Welcome to ACTIS - Augmentation Consistency Training for Instance Segmentation.
Feel free to checkout our method: ACTIS paper
To install the solution, follow these steps:
- Install conda (https://docs.conda.io/en/latest/miniconda.html)
- Create a new conda environment
conda create -n actis python pip
- Activate the environment
conda activate actis
- Clone the repository
git clone https://github.com/Kainmueller-Lab/ACTIS.git
- Install our method
pip install -e .
- use the help command to see how to use the method
actis -h
The data used in our study can be found in compressed numpy format inside this repository: data
There are three datasets:
- Flywing
- Mouse
- DSB2018
Each dataset has the following structure: ├── test │ └── test_data.npz └── train └── train_data.npz
The parameter file is a toml file that contains all the parameters needed to run an experiment.
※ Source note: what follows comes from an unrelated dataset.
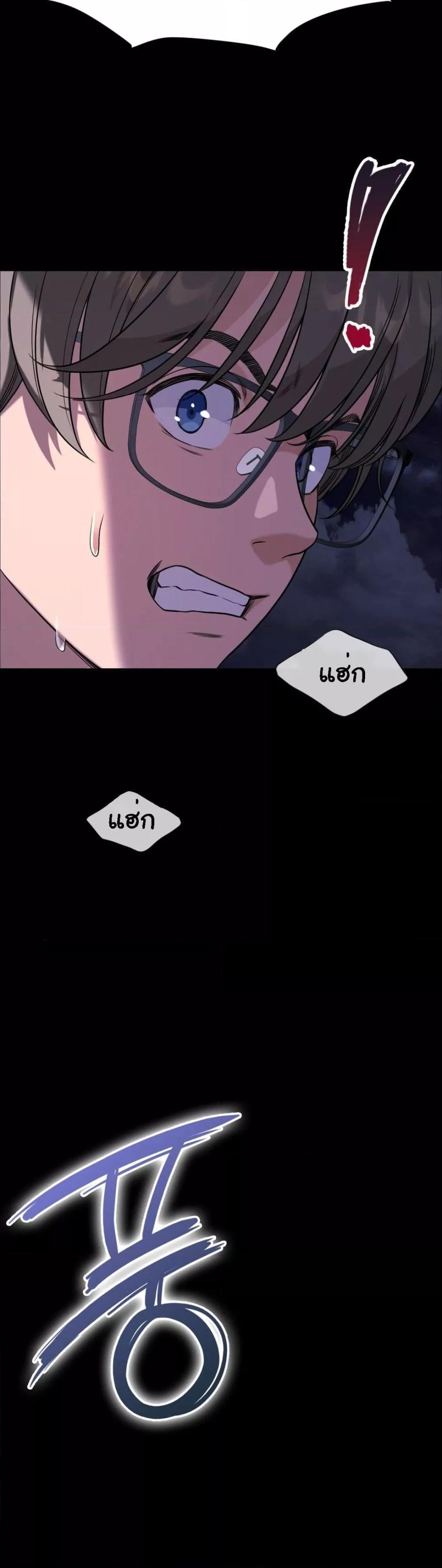 Doujin-Lc- อ่าน โดจิน มังฮวา เกาหลี ญี่ปุ่น จีน แปลไทย My Stowaway Diary ตอนที่ 1 2 3 4 5 6 7 8 9 10 11 12 13 14 ฟรี ไม่มีโฆษณา อ่าน โดจิน Manhwa เกาหลี ญี่ปุ่น จีน เรามีครบ คัดมาให้เน้นๆ โดจิน 18+ รับประกันความฟินโดย  Doujin Lc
An example parameter file can be found in src/actis/utils/resources/parameters.toml
The following parameters are possible.
Variable | Default Value | Explanation |
---|---|---|
base_dir | actis | The base directory where results should live. |
data | Flywing | The dataset to train on. Can be an absolut path to the data or either of "Flywing", "Mouse", "DSB2018" if paired with setting base_dir to github root. |
checkpoint_path | ./experiments/myexperiment/train/checkpoints/best_model.pth | Where to store your model. |
experiment | myexperiment | Name of your experiment. |
num_annotated | 19 | Number of annotated labels to use. |
batch_size_labeled | 4 | Batch size of labeled data. Total btach size will be the sum of this and the batch_size_unlabeled. Make sure they fit on your GPU. |
batch_size_unlabeled | 8 | Batch size of unlabeled data. Total btach size will be the sum of this and the batch_size_labeled. Make sure they fit on your GPU. |
num_workers | 4 | Number of workers to use for data loading. |
training_steps | 50000 | Number of total training steps to do. |
in_channels | 1 | Input channels to your network architecture. Should be chosen based on your data. |
num_fmaps_out | 3 | Number of classes to predict. |
learning_rate | 0.01 | Learn rate to use. |
seed | 1 | Seed used for sampling. |
semi_loss_weight | 1.0 | Weighting factor for the QuantileLoss loss. |
quantile | 0.2 | Used for quantile loss scheduling. |
quantile_end | 0.1 | Used for quantile loss scheduling. |
quantile_warmup_steps | 5000 | Used for quantile loss scheduling. |
load_student_weights | true | Flag indicating to load student weights |
warmup_steps | 0 | Warmup steps before momentum is used. |
fast_update_slow_model | false | Whether to fast update teacher model. |
size | 128 | Affects GaussianBlur kernel size for mono color augmentations. |
encoder_weights | imagenet | Pre-trained weights used for encoder initialization |
no_moco | false | Do not use a slow teacher model. |
s | 1.0 | Affects mono color augmentations. |
Create your parameter.toml file based on your specific needs.
Then call the following command to run a supervised training experiment:
actis train_super <path_to_parameter.toml> --log-out=<path_to_log_folder>
To run a semi-supervised experiment, call the following command:
actis train_semi <path_to_parameter.toml> --log-out=<path_to_log_folder>
To evaluate any trained model call the following command:
actis evaluate <path_to_parameter.toml> --log-out=<path_to_log_folder>
Please use the citation method from the CITATION.cff file! You can copy it from the "ABOUT" section of your repository.